AtlasOfLivingAustralia/galah-R

search_taxa not handling cases where a taxa is flagged as having a homonym issue

wcornwell opened this issue · 2 comments

Describe the bug
The tibble input is not being parsed properly by search_taxa to return the correct taxa_id in the case where there is a Homonym issue with one of the taxa. The help file suggests the tibble input is the right approach for this case but it's not working for me.

galah version
1.5.2

To Reproduce

search_taxa(tibble(genus="Acanthocladium", class="Equisetopsida"))

Expected behaviour
It should return the taxa_id for "Acanthocladium" which is the current name for a small daisy genus. The homonym issue is with a moss genus that was formerly (no longer) also called "Acanthocladium".
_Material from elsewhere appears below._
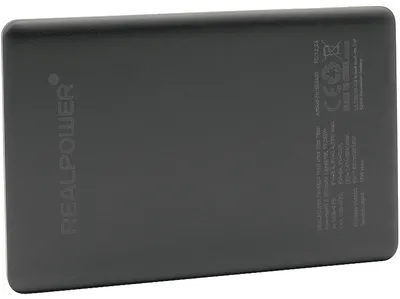 REALPOWER PB-5000 MAG Ultra Slim Powerbank 5000 mAh Schwarz/Titan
I expected including tibble(genus="Acanthocladium", class="Equisetopsida") would resolve the homonym issue and the correct taxa_id would be returned.

Instead of the daisy genus, search_taxa returns the taxa_id for Equisetopsida which leads to a large query that then crashes the API.
Screenshot 2023-07-07 at 3 57 58 pm

Apologies about the crashes, it took me a while to work out what was going on.

Additional context
This is related to #168 and #194

Thanks for reaching out. I was able to replicate this error and there does appear to be something wrong with how search_taxa() prioritises higher rank information supplied in a tibble.

At this point, I'm not sure why this is, but I first wanted to offer one solution:

Adding additional search information like authorship to your search can help return the correct results. On the ALA, the name authorship is attributed to F.Muell. Adding this information to your text search returns the correct result:

library(galah)
library(tibble)

search_taxa("Acanthocladium F.Muell")
#> # A tibble: 1 × 13
#>   search_term      scientific_name scientific_name_auth…¹ taxon_concept_id rank 
#>   <chr>            <chr>           <chr>                  <chr>            <chr>
#> 1 Acanthocladium … Acanthocladium  F.Muell.               https://id.biod… genus
#> # ℹ abbreviated name: ¹​scientific_name_authorship
#> # ℹ 8 more variables: match_type <chr>, kingdom <chr>, phylum <chr>,
#> #   class <chr>, order <chr>, family <chr>, genus <chr>, issues <chr>

And this seems to return an expected, nice, small number in a query too!

taxa <- search_taxa("Acanthocladium F.Muell")

galah_call() |>
  identify(taxa) |>
  atlas_counts()
#> # A tibble: 1 × 1
#>   count
#>   <int>
#> 1   128

Great! thanks for the workaround!